Zhang Shengyi, Li Xinhan, Xiahou Zhikai, Chen Ailing, Sun Renfang, Liu Chao, Yuan Jie
Department of Thoracic Surgery, Songjiang Hospital Affiliated to Shanghai Jiao Tong University School of Medicine, Shanghai, 201600, China.
The First Clinical Medical College of Shandong University of Traditional Chinese Medicine, Jinan, China.
Transl Oncol. 2025 Apr;54:102295. doi: 10.1016/j.tranon.2025.102295. Epub 2025 Feb 26.
In both industrialized and developing nations worldwide, lung adenocarcinoma is one of the deadliest malignant tumors and the primary cause of cancer-related deaths. Its cellular heterogeneity is unclear to the fullest extent, although in recent years, its prevalence in younger individuals has increased. Therefore, it is urgent to deepen the understanding of lung adenocarcinoma and explore new therapeutic methods.

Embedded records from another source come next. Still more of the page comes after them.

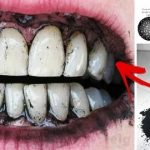 Tout ce que vous devez savoir sur le bicarbonate dentaire et son rôle dans le blanchiment des dents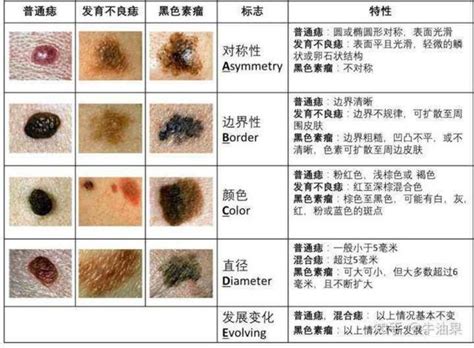 身體:acsf1ltef_m= 痣的位置|痣是什麼？會變成黑色素瘤？7種一定要除的痣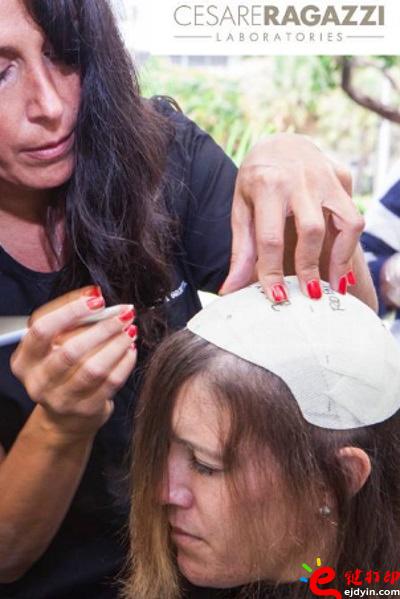 另類治療脫發(fā)的最好方法 用3D打印超逼真假發(fā)解決困擾 治療脫發(fā)不再煩,3d打印頭發(fā),假發(fā)3d模型,3d打印材料,3d打印服務(wù),3d打印廠家 另類治療脫發(fā)的最好方法 用3D打印超逼真假發(fā)解決困擾 治療脫發(fā)不再煩,3d打印頭發(fā),假發(fā)3d模型,3d打印材料,3d打印服務(wù),3d打印廠家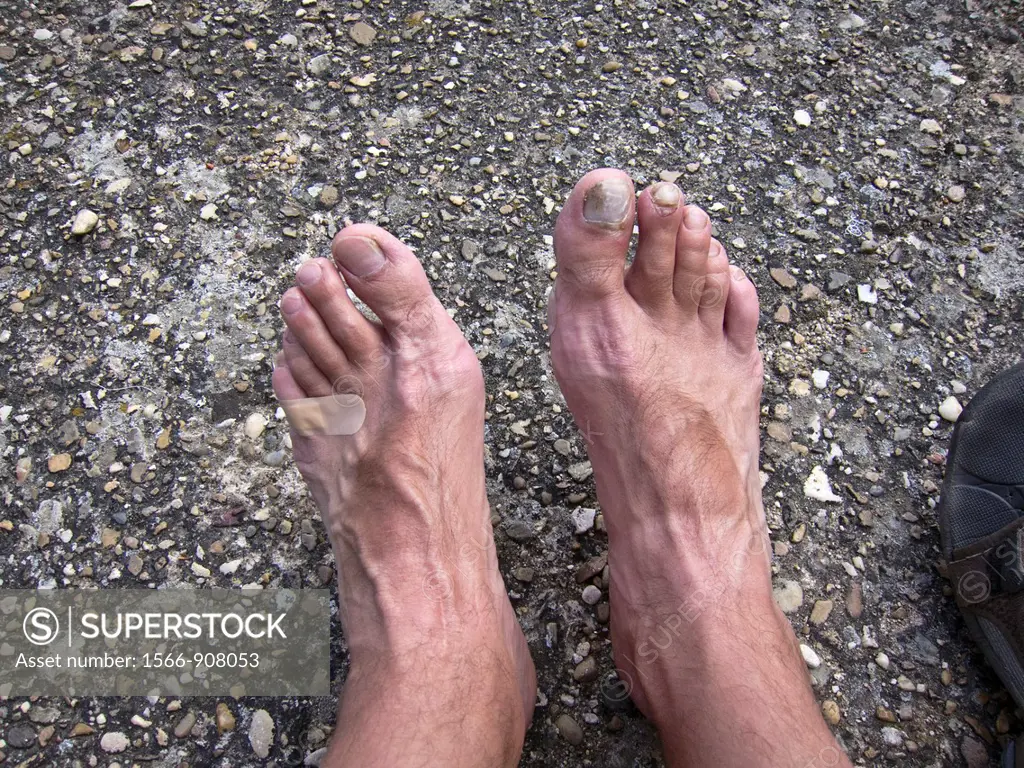 Persons feet with blisters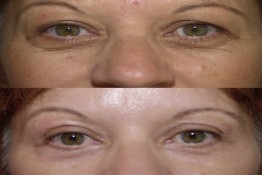 Upper Eyelid Surgery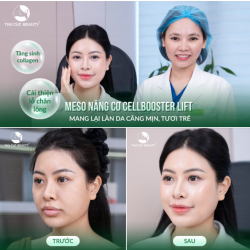 MESO NÂNG CƠ CELLBOOSTER LIFT – TĂNG SINH COLLAGEN, MANG LẠI LÀN DA CĂNG MỊN TƯƠI TRẺ!
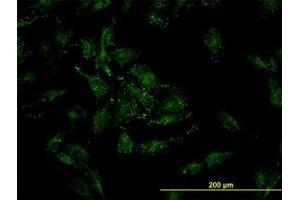 Image no. 3 for anti-Cofilin 2 (CFL2) (AA 57-167) antibody (ABIN598607) (Cofilin 2 抗体  (AA 57-167))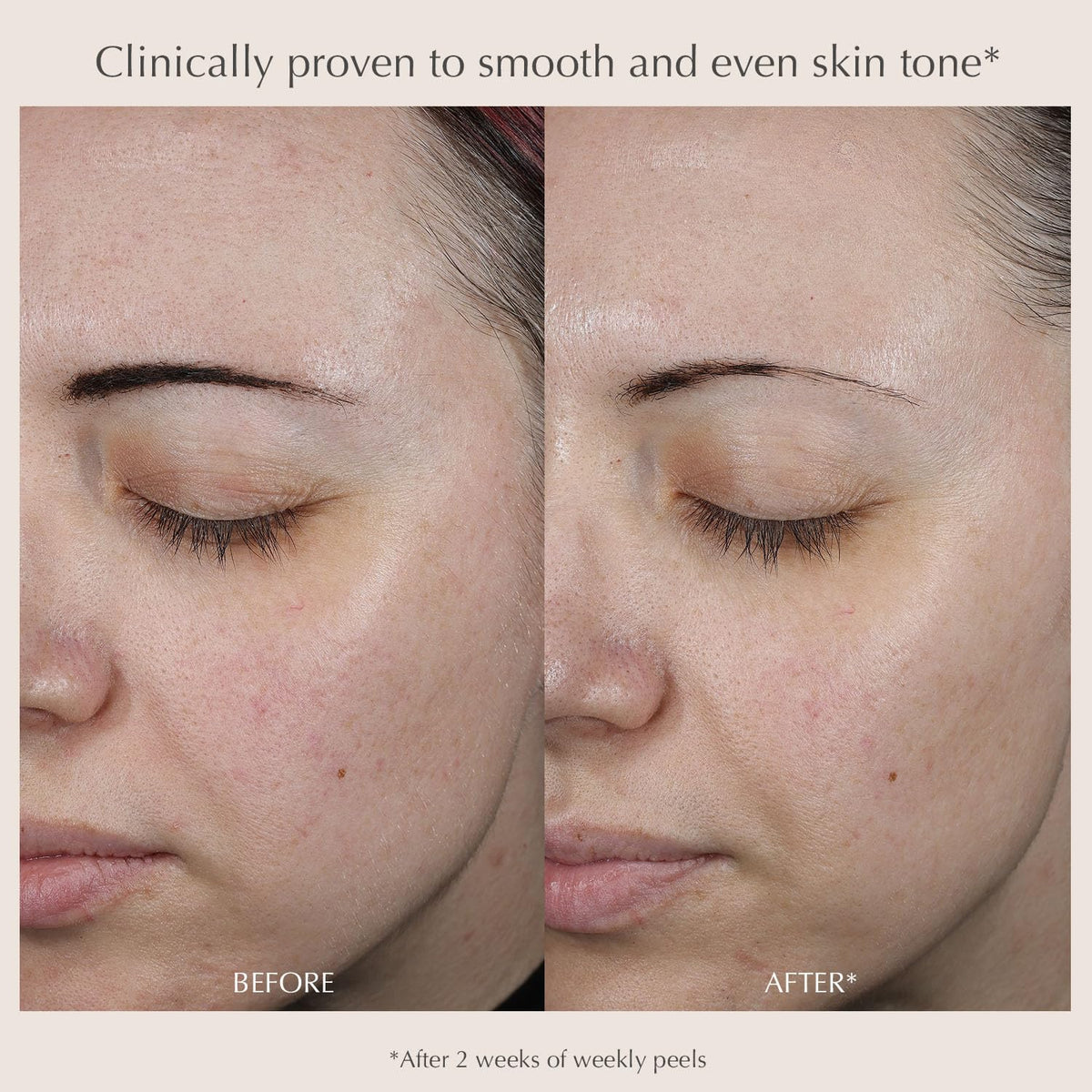 EXUVIANCE peel pad in hand demonstrating easy single-use application and controlled coverage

CytoTRACE, Monocle, SCENIC, and enrichment analysis were used to analyze the single cell RNA data, we characterized the biological characteristics of mast cells (MCs) in lung adenocarcinoma patient samples. CellChat was used to analyze and validate the interaction between MCs and tumor cells in lung adenocarcinoma. Prognostic models were used to evaluate and predict the development trend and outcome of a patient's disease, such as the survival time of cancer patients. The python package SCENIC was used to evaluate the enrichment of transcription factors and the activity of regulators in lung adenocarcinoma cell subgroups. CCK-8 assay could validate the activity of a specific cell subgroup sequenced in single cell sequencing to confirm the role of this cell subgroup in tumor proliferation.
Our analysis identified seven major cell types, further grouping MCs within them and identifying four distinct subgroups, including MCs with high DUSP2 expression, which showed some tumor-related characteristics. In addition, we identified the key signaling receptor EGFR and validated it through in vitro knockdown experiments, demonstrating its role in promoting cancer. In addition, we established an independent prognostic indicator, the DUSP2+ MCs risk score, which showed an association between groups with high risk scores and poor outcomes.
These findings shed light on the complex interactions in the lung adenocarcinoma tumor microenvironment and suggest that targeting specific MCs subgroups, particularly through the EGFR signaling pathway, may provide new therapeutic strategies.
在全球范围内的工业化国家和发展中国家,肺腺癌都是最致命的恶性肿瘤之一,也是癌症相关死亡的主要原因。尽管近年来其在年轻个体中的患病率有所增加,但其细胞异质性仍未完全明确。因此,迫切需要加深对肺腺癌的理解并探索新的治疗方法。
使用CytoTRACE、Monocle、SCENIC和富集分析来分析单细胞RNA数据,我们对肺腺癌患者样本中肥大细胞(MCs)的生物学特征进行了表征。使用CellChat分析并验证肺腺癌中MCs与肿瘤细胞之间的相互作用。使用预后模型评估和预测患者疾病的发展趋势和结果,例如癌症患者的生存时间。使用Python包SCENIC评估肺腺癌细胞亚群中转录因子的富集情况和调节因子的活性。CCK-8测定可以验证单细胞测序中特定细胞亚群的活性,以确认该细胞亚群在肿瘤增殖中的作用。
我们的分析确定了七种主要细胞类型,进一步将其中的MCs进行分组并识别出四个不同的亚群,包括具有高DUSP2表达的MCs,其表现出一些与肿瘤相关的特征。此外,我们确定了关键信号受体EGFR,并通过体外敲低实验对其进行了验证,证明了其在促进癌症方面的作用。此外,我们建立了一个独立的预后指标,即DUSP2+MCs风险评分,该评分显示高风险评分组与不良结果之间存在关联。
这些发现揭示了肺腺癌肿瘤微环境中的复杂相互作用,并表明靶向特定的MCs亚群,特别是通过EGFR信号通路,可能提供新的治疗策略。